WHAT YOU SHOULD DO: Output range, inclusive: from the line containing "Person vergleicht Preise auf Smartphone." to the line containing "Fotocollage: Voor Onze". Restate those lines from the data below word for word and only those.

Data entries
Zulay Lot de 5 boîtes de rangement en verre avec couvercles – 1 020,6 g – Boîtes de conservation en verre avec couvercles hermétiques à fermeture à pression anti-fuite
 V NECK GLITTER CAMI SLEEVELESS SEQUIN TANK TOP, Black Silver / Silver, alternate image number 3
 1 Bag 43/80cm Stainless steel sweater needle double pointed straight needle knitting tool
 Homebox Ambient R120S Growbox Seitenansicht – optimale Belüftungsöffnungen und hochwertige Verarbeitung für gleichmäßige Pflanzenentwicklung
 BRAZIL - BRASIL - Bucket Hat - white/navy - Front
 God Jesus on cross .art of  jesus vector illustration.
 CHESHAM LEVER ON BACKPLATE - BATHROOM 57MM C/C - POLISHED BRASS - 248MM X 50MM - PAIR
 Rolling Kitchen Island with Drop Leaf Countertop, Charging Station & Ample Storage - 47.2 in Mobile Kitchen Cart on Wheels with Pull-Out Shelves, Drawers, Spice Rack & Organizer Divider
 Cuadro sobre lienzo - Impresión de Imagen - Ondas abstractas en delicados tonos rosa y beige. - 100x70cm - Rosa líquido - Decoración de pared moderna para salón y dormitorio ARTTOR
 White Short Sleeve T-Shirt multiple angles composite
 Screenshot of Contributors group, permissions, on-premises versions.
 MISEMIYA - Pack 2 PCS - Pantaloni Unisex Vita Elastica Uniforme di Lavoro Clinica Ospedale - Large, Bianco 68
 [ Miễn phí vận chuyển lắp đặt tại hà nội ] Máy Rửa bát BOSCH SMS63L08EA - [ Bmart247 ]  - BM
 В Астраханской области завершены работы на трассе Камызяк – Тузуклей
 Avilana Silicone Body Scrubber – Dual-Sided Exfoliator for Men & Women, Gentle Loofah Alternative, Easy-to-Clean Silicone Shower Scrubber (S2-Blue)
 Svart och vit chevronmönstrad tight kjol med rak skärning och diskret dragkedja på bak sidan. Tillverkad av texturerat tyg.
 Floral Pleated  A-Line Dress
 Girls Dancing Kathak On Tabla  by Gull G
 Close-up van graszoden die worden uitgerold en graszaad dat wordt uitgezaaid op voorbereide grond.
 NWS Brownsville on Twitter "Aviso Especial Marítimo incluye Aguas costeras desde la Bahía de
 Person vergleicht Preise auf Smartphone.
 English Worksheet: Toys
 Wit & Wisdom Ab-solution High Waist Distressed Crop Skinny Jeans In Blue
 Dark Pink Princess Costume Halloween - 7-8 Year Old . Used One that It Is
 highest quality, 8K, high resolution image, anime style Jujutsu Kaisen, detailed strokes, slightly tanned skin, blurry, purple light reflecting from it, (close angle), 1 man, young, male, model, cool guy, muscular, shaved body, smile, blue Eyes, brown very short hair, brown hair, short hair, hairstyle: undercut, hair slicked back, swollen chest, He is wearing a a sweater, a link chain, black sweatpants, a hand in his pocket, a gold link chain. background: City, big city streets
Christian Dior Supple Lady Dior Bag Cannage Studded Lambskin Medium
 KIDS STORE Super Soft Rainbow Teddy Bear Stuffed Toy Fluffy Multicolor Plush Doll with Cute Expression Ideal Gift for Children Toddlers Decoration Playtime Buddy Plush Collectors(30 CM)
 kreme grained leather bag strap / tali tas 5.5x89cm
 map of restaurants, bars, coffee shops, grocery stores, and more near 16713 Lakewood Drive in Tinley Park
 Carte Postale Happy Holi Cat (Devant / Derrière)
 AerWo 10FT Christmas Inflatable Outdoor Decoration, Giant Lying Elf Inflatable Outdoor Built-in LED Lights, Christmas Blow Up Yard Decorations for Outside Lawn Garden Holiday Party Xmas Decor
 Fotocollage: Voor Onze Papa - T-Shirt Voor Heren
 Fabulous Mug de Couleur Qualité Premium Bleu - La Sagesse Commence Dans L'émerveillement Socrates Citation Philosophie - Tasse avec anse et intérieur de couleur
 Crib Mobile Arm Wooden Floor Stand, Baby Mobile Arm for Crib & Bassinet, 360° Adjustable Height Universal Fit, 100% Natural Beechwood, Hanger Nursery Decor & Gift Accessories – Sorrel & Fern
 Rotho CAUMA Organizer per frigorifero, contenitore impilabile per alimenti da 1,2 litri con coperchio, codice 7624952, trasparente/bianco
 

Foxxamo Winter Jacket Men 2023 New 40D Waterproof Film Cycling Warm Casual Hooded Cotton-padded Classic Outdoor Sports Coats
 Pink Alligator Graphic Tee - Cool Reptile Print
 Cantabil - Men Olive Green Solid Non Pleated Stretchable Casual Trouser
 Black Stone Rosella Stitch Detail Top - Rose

ANSWER AREA:
 Person vergleicht Preise auf Smartphone.
 English Worksheet: Toys
 Wit & Wisdom Ab-solution High Waist Distressed Crop Skinny Jeans In Blue
 Dark Pink Princess Costume Halloween - 7-8 Year Old . Used One that It Is
 highest quality, 8K, high resolution image, anime style Jujutsu Kaisen, detailed strokes, slightly tanned skin, blurry, purple light reflecting from it, (close angle), 1 man, young, male, model, cool guy, muscular, shaved body, smile, blue Eyes, brown very short hair, brown hair, short hair, hairstyle: undercut, hair slicked back, swollen chest, He is wearing a a sweater, a link chain, black sweatpants, a hand in his pocket, a gold link chain. background: City, big city streets
Christian Dior Supple Lady Dior Bag Cannage Studded Lambskin Medium
 KIDS STORE Super Soft Rainbow Teddy Bear Stuffed Toy Fluffy Multicolor Plush Doll with Cute Expression Ideal Gift for Children Toddlers Decoration Playtime Buddy Plush Collectors(30 CM)
 kreme grained leather bag strap / tali tas 5.5x89cm
 map of restaurants, bars, coffee shops, grocery stores, and more near 16713 Lakewood Drive in Tinley Park
 Carte Postale Happy Holi Cat (Devant / Derrière)
 AerWo 10FT Christmas Inflatable Outdoor Decoration, Giant Lying Elf Inflatable Outdoor Built-in LED Lights, Christmas Blow Up Yard Decorations for Outside Lawn Garden Holiday Party Xmas Decor
 Fotocollage: Voor Onze Papa - T-Shirt Voor Heren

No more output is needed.